THE TASK: In total, how many lines of the data contain the word "Pants"? Only that number is wanted.

ENTRIES PROVIDED:
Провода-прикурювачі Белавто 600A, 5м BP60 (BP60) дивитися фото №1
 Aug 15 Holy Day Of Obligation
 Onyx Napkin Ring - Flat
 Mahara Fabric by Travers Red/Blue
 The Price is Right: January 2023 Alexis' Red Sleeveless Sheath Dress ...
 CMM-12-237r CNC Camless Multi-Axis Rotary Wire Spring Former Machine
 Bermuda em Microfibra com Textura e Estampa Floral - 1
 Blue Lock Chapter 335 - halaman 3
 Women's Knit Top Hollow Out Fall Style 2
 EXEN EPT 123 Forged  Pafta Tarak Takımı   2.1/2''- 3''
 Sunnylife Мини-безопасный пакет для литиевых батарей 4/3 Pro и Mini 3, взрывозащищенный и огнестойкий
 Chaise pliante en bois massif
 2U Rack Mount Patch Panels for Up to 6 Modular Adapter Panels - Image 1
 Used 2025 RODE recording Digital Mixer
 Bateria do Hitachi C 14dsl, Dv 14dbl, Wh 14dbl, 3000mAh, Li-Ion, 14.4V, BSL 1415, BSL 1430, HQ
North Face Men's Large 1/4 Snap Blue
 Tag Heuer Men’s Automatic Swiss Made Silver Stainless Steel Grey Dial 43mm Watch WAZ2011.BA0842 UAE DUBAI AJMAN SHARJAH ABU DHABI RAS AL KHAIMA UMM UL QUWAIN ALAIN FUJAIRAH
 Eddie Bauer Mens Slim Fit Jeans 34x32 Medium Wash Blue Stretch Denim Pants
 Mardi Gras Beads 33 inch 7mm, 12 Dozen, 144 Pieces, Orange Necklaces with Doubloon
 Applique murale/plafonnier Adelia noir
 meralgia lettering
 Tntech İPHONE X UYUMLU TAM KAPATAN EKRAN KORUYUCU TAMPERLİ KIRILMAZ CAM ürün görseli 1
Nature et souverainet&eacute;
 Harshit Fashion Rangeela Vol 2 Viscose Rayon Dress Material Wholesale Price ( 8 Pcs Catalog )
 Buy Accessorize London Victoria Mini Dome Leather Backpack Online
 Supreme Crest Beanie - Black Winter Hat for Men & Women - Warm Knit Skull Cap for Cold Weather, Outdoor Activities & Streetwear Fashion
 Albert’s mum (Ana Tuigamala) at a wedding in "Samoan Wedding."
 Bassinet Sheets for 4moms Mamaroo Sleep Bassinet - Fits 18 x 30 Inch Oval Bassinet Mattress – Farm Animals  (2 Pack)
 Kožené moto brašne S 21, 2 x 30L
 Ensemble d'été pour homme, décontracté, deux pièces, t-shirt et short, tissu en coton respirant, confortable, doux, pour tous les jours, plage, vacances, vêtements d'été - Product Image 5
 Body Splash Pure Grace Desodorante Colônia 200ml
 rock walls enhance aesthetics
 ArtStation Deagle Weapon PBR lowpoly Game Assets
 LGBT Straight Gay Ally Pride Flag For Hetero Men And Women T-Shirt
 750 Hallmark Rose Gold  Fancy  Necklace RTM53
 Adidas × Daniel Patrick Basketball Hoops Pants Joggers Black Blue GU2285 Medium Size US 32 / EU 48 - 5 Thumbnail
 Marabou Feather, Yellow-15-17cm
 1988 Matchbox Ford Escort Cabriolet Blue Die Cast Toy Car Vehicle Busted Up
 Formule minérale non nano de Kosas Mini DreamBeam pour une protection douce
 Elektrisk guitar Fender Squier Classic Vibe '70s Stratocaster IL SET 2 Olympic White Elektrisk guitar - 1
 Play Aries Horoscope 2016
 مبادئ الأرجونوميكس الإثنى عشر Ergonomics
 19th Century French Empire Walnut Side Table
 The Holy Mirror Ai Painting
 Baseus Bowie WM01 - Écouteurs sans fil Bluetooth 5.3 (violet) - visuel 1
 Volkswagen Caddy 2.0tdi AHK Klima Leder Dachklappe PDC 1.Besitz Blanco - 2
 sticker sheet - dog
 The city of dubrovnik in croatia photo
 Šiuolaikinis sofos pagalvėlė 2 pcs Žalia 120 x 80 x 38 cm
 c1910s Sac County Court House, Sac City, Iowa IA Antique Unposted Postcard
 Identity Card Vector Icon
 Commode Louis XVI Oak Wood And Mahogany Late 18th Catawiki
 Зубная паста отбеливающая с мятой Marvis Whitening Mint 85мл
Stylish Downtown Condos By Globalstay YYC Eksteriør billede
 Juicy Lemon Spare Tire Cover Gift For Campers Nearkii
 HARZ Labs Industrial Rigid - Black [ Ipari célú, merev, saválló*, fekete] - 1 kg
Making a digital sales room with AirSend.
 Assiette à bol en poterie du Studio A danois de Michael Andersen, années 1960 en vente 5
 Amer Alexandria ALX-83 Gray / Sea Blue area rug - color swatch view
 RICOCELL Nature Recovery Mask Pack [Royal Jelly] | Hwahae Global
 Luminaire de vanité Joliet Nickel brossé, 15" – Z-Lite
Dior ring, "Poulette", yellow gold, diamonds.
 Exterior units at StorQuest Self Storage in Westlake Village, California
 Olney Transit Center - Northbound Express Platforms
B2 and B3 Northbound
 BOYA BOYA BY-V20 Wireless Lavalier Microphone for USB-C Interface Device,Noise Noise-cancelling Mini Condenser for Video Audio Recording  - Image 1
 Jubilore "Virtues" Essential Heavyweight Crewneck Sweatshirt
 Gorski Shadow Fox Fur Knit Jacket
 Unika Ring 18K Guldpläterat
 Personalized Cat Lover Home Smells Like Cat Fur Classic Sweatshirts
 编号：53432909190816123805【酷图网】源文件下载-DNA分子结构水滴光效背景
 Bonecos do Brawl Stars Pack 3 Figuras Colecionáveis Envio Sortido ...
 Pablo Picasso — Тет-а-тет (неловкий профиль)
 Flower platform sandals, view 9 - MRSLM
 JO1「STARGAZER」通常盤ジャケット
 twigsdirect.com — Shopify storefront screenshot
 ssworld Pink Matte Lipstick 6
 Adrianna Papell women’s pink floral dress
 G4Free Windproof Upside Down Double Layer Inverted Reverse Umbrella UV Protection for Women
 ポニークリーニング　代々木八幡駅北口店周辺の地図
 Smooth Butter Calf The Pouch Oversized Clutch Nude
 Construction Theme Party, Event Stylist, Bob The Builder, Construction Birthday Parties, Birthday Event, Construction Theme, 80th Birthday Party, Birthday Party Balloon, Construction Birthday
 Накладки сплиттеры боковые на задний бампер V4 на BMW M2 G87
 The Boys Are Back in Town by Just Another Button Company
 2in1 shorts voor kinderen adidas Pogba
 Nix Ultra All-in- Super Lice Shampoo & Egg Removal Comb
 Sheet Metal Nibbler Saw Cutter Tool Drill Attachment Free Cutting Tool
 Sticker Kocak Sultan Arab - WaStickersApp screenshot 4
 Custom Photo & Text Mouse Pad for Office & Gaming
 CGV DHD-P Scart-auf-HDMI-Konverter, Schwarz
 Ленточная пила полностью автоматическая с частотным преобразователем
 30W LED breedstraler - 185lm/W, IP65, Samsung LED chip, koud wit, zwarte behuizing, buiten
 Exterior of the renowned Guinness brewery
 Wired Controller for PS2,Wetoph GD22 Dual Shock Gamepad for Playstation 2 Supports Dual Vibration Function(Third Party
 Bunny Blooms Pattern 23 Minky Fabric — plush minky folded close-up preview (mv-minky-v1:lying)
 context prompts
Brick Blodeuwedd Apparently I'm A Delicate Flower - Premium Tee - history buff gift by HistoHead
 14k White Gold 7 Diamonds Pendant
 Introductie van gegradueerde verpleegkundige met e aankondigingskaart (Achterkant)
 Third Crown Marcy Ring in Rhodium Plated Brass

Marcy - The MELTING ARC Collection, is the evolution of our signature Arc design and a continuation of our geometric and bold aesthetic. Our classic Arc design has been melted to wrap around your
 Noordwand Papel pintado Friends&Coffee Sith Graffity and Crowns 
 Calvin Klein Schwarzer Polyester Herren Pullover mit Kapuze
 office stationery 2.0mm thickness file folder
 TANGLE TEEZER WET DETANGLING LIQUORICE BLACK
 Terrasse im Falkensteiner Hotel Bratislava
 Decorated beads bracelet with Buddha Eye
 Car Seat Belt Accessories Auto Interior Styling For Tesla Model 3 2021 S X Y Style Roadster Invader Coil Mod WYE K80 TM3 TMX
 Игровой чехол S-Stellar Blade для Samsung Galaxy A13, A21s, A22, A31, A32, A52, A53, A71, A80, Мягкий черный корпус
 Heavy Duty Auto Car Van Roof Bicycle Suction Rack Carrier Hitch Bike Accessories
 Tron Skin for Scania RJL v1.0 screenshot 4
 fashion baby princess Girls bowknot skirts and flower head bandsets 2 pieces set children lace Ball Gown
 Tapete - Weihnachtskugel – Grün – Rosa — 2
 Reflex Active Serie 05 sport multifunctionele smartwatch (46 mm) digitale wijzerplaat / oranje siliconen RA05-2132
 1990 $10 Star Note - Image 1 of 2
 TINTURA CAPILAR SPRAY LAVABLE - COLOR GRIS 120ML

RESPONSE FOR THIS EXERCISE: 2